PURPOSE:The aim of this study is to evaluate the predisposing risk factors, clinical presentations, laboratory parameters, and treatments taken and outcomes in patients of nocardiosis in the span of 5 years in a tertiary care hospital.MATERIALS AND METHODS:The patients whose specimens showed Nocardia like organism in Gram-staining, Kinyoun staining and characteristic colonies in culture were included in the retrospective analysis study. Retrospective analysis of associated risk factors, clinical presentations, and radiological findings was performed.RESULTS:Of the thirteen patients, 11 (76.9%) had immunosuppressive pathologies including solid organ transplantation, autoimmune disease, use of steroids, and immunosuppressive drugs as important risk factors. Four types of clinical manifestations were observed, pulmonary (46.1%), cutaneous (23.07%), cerebral (15.3%), and bacteremia (15.3%).

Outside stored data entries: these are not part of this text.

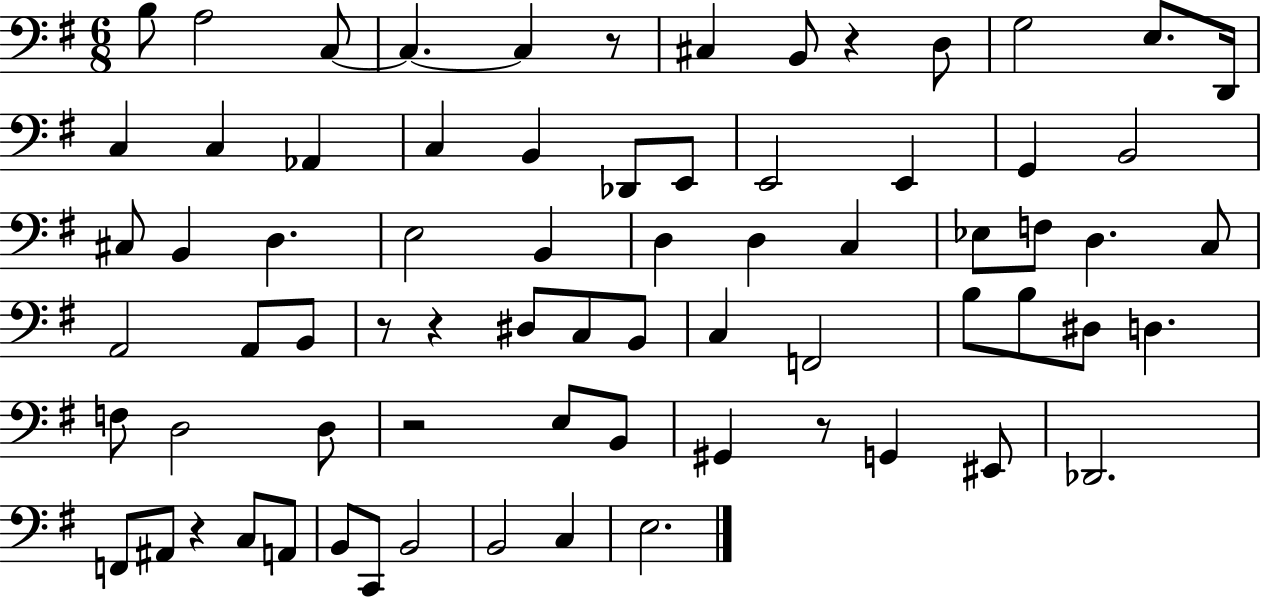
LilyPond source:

{
  \clef bass
  \numericTimeSignature
  \time 6/8
  \key g \major
  \repeat volta 2 { b8 a2 c8~~ | c4.~~ c4 r8 | cis4 b,8 r4 d8 | g2 e8. d,16 | \break c4 c4 aes,4 | c4 b,4 des,8 e,8 | e,2 e,4 | g,4 b,2 | \break cis8 b,4 d4. | e2 b,4 | d4 d4 c4 | ees8 f8 d4. c8 | \break a,2 a,8 b,8 | r8 r4 dis8 c8 b,8 | c4 f,2 | b8 b8 dis8 d4. | \break f8 d2 d8 | r2 e8 b,8 | gis,4 r8 g,4 eis,8 | des,2. | \break f,8 ais,8 r4 c8 a,8 | b,8 c,8 b,2 | b,2 c4 | e2. | \break } \bar "|."
}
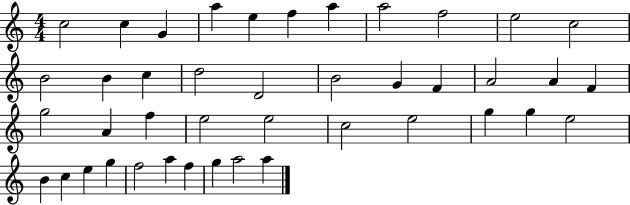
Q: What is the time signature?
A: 4/4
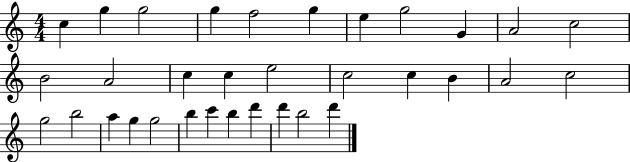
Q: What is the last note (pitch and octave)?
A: D6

The most common presentation was pulmonary with steroid therapy as a significant risk factor. Consolidation and pleural effusion were the common radiological findings in these cases. In eight of the nine patients anti-nocrdial drugs were given. Cotrimoxazole as monotherapy was given in four cases (44.44%), cotrimoxazole in combination with meropenem in two cases (22.22%); minocycline and linezolid were given in one case each. The overall mortality was 36.36% and was seen in patients with pulmonary nocardiosis.CONCLUSIONS:The study indicates that Nocardial infections are re-emerging on account of an increase in numbers of immunocompromised patients due to increased organ transplants, autoimmune diseases, malignancies, and use of immunosuppressive drugs and steroids. The diagnosis is often missed/not suspected and delayed because of the clinical resemblance to many other infections. Nocardial infection should be suspected and assessed particularly in immunocompromised patients not responding to treatment/improving clinically.